XMOW-253 Wolverine-week-button The hype is over. The controversy over leaked workprints is over. And, yes, our Wolverine Week is over. X-Men Origins: Wolverine is  in theaters nationwide today, and despite mixed reviews expect fans  wearing toy claws in honor of their hero, as played by Hugh Jackman, to crowd multiplexes this weekend. Our Brian Truitt has followed the making of this fourth X-Men movie and was the reporter with all the interviews this week. He went to a screening here in Washington, D.C. last night to see if it lived up to expectation. Click read more for his thoughts on what may be the summer’s first big blockbuster.

Photos by James Fisher

I found the first two X-Men films top-notch (the third one, not so much), and Jackman’s portrayal of the mutton-chopped wonder was a highlight of both. He may not look the part of the runtish comic character, but as far as Wolverine's nasty streak and berserker rage go, Jackman has the acting chops necessary and they are in full effect for this fourth action-packed vehicle.

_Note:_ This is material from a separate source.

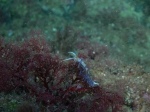 Cratena peregrina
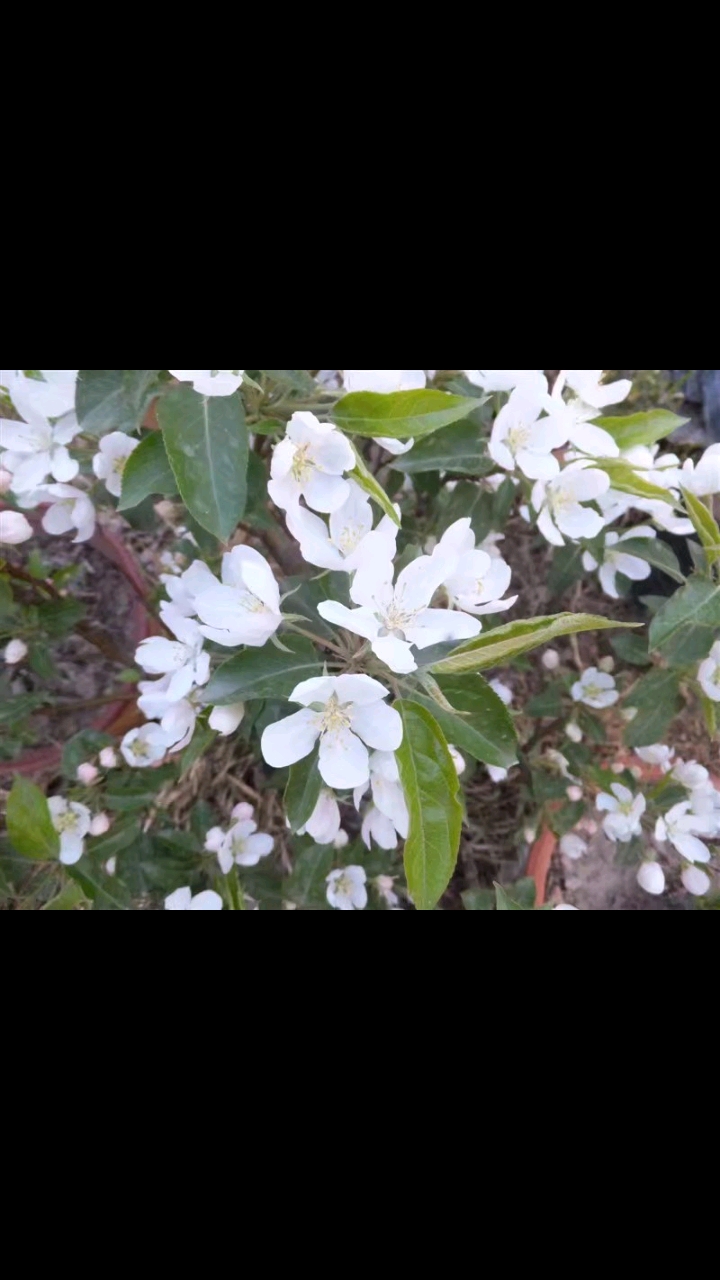 #海棠花#老家的海棠花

XMOW-114 Wolverine moves at a quick clip, and exposition and plot take a backseat to over-the-top, claw-ripping goodness — as they arguably should in a comic-book movie about a character who slices first and asks questions later. Wolverine purists may not be appeased by the entire story, which takes the hard-luck superhero (also known as Logan) through childhood tragedy and plenty of war (shown in a fantastic opening-credits sequence) side-by-side his half brother, Victor Creed, aka Sabretooth (played with scenery-chewing enthusiasm by Liev Schreiber). These two siblings go their separate ways after a special-forces operation gone wrong, and years later, people close to Logan, including his girlfriend (Lynn Collins), start winding up dead. Well, that just won’t do, so Logan lets his former military leader, the determined yet shifty William Stryker (Danny Huston), to inject him with a super-duper metal called Adamantium to fortify his skeleton. Thus weaponized with indestructible bones and sharp blades coming out of his hands, Logan channels his innermost primal nature and meets quite a few fellow mutants on his way to the end showdown with the man responsible for much of his pain.

Like the other X-Men flicks (and this movie does tie into those, better than one would think), Wolverine is full of excellent appearances from comic favorites, including the mutant street hustler Gambit (Taylor Kitsch), talkative mercenary Wade Wilson/Deadpool (Ryan Reynolds, with way too little screen time) and even the rotund warrior Blob (Kevin Durand). Probably the weakest part of the movie is that we don’t see some of these ancillary dudes enough. Once the ending credits rolled, I couldn’t wait for a Deadpool movie. And sure, Jackman can come along, too.